TRL! my heart strings are a-pullin'. miss u 4ever.
TRL! my heart strings are a-pullin’. miss u 4ever.

The first music video to ever grace MTV was The Buggles “Video Killed the Radio Star.” LOL. 4shadowing FTW. MTV gave music videos a great place to live until they decided ain’t nobody got time fo that shit. They cut down the regularly scheduled music video programming to an hour and a half after school on Total Request Live, or belovedly, TRL. In case you were living on Mars, Russia or a home where your parents banned television (my condolences), TRL was awesome. It was a place where kids got to call in (USING LANDLINE PHONES!!!!!) to request their favorite music videos and hopefully get their Britney or NSYNC vid to the number 1 spot. It was such a big fucking deal. I actually miss it.

Since TRL’s cancellation in 2008 (R.I.P. 4ever and PLEASE bring this show back on the internet. seriously.
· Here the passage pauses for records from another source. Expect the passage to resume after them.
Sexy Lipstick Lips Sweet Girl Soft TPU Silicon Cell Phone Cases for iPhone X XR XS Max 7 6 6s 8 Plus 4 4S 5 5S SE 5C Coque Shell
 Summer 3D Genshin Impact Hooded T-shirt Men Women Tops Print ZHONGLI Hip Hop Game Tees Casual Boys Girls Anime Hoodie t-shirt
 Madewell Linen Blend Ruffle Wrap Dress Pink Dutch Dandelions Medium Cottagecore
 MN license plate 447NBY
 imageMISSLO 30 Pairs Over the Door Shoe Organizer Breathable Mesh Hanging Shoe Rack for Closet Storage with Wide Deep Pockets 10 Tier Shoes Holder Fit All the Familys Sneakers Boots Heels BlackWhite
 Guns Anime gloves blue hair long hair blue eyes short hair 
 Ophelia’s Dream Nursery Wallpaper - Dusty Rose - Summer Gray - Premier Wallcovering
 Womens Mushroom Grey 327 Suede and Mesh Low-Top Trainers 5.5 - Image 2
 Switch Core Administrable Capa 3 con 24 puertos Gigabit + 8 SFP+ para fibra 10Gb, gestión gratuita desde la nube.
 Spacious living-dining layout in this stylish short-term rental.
SRSLY), the music video has had a pretty much exclusive internet platform, because let’s be real: MTV2 couldn’t even keep to its word that it would be the real music video channel, and VH1 LOL. Throw in internet file sharing and the money-losing scramble of the music industry over the past decade, our poor little Music Video has suffered quite a lot in quality, budget and creativity.

first lyric video However, out of a seemingly doomed medium of sonic visual expression came a little thing called the Lyric Video. It’s a modest, bastardly child of the once great Music Video. The first lyric videos started off with horrible fonts and and a gross blue screen. You’ve seen them. They’ve come a long way since Windows 2000 though. Now they’ve got pretty colors and exciting fonts. The joy!

a still of Ke$ha's lyric video for "Die Young"
a still of Ke$ha’s lyric video for “Die Young”

Somewhere along the line, a music exec/artist/manager not completely fucked up on blow realized how many views theses videos get, how CHEAP it is to make them, and how useful it would be to slap ads on an official lyric video and make some extra dollaz.

Good job, music industry. It only took you about 8 years to figure that shit out.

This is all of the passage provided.